Ese sí que, de producirse, sería un prodigio que elevaría al papa argentino directamente a los altares. De existir una vida más allá de la muerte, sería un acontecimiento que a él le haría feliz. Y al resto de la humanidad, también.
Imaginen que allí en los funerales del papa, los presentes, conmovidos por la muerte del pontífice, decidieran atender sus mensajes, a los que hasta ahora han hecho oídos sordos, y se replantearan sus rivalidades, sus odios, sus desmesuradas ambiciones, y atendieran esas peticiones de acoger con misericordia a los inmigrantes, de proteger el planeta, de no marginar a quienes no piensan, sienten o aman como ellos y que esa actitud les llevara a respetarse y a sellar el fin de las hostilidades. Sí, eso sería un milagro. Pero no sucederá.

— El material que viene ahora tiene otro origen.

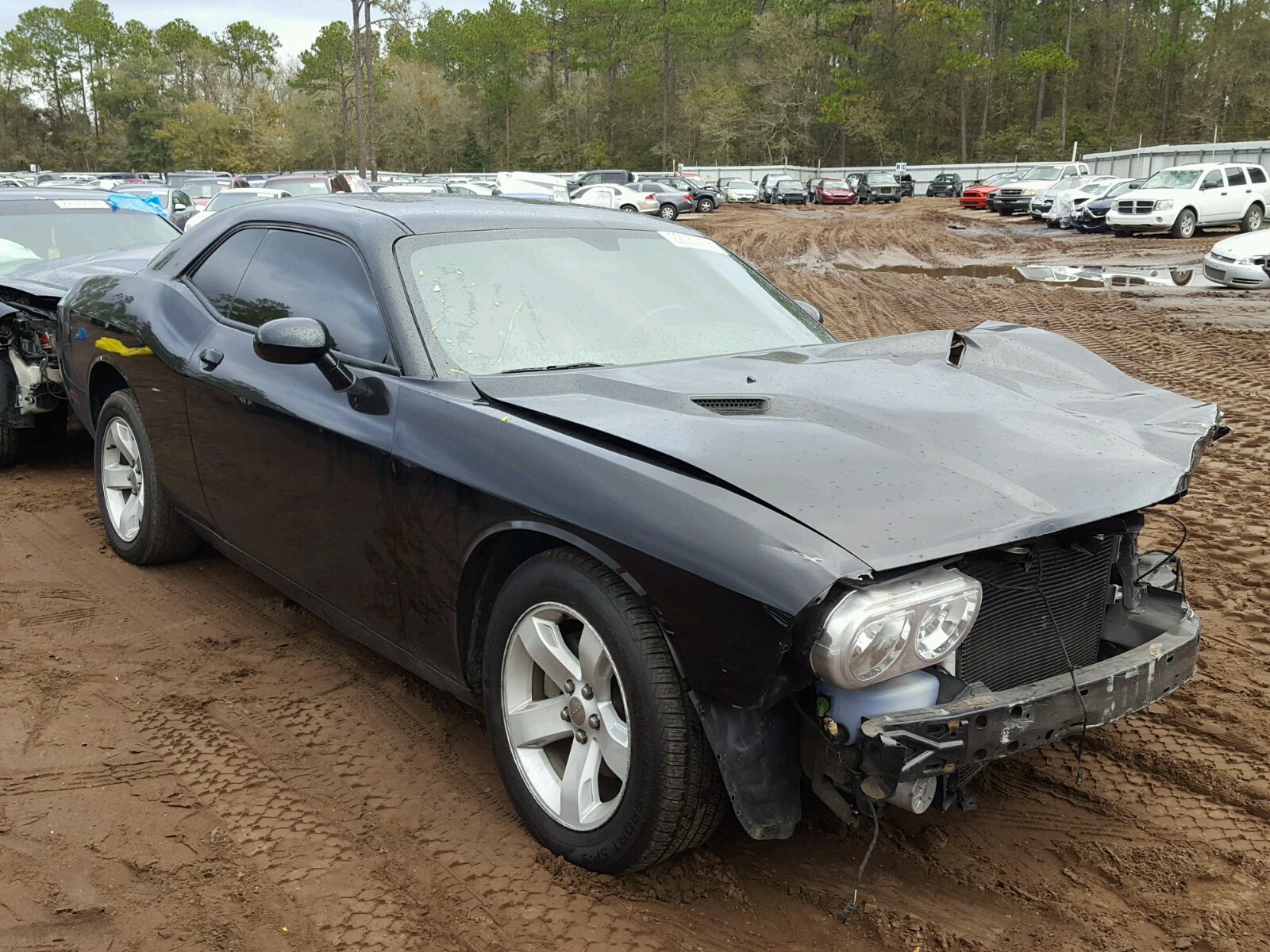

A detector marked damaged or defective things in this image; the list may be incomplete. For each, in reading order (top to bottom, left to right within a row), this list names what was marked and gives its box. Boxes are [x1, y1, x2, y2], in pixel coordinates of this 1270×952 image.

damaged vehicle [0, 189, 180, 463]
wrecked car [0, 189, 181, 463]
cracked windshield [400, 230, 832, 376]
damaged vehicle [57, 194, 1219, 869]
wrecked car [57, 197, 1219, 876]
damaged hood [476, 321, 1219, 571]
exposed headlight assembly [813, 568, 984, 689]
crumpled front bumper [851, 609, 1200, 797]
detached bumper cover [857, 609, 1194, 797]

Por mucho que el sábado compartan espacio en la plaza de San Pedro, por más que lo que les haya llevado allí sea un respeto auténtico por la figura pública de Francisco –lo que en algunos casos es muy dudoso–, aunque se abracen y se estrechen la mano con apariencia amistosa, aunque actúen así ante los ojos de millones de ciudadanos del mundo, las disputas seguirán vivas. Como están en estos últimos meses en que se han reactivado enfrentamientos que parecían superados desde que acabó la Segunda Guerra Mundial o, al menos, desde el final de la Guerra Fría.
No, no cabe esperar más que gestos de duelo por una persona a la que, con sus aciertos y sus errores, unos admiraban, porque la veían próxima a sus ideales, y otros detestaban, solo porque no compartían sus opiniones. Así son las cosas. Ojalá hubiera un milagro. Pero no, no lo habrá. Perdonen el pesimismo.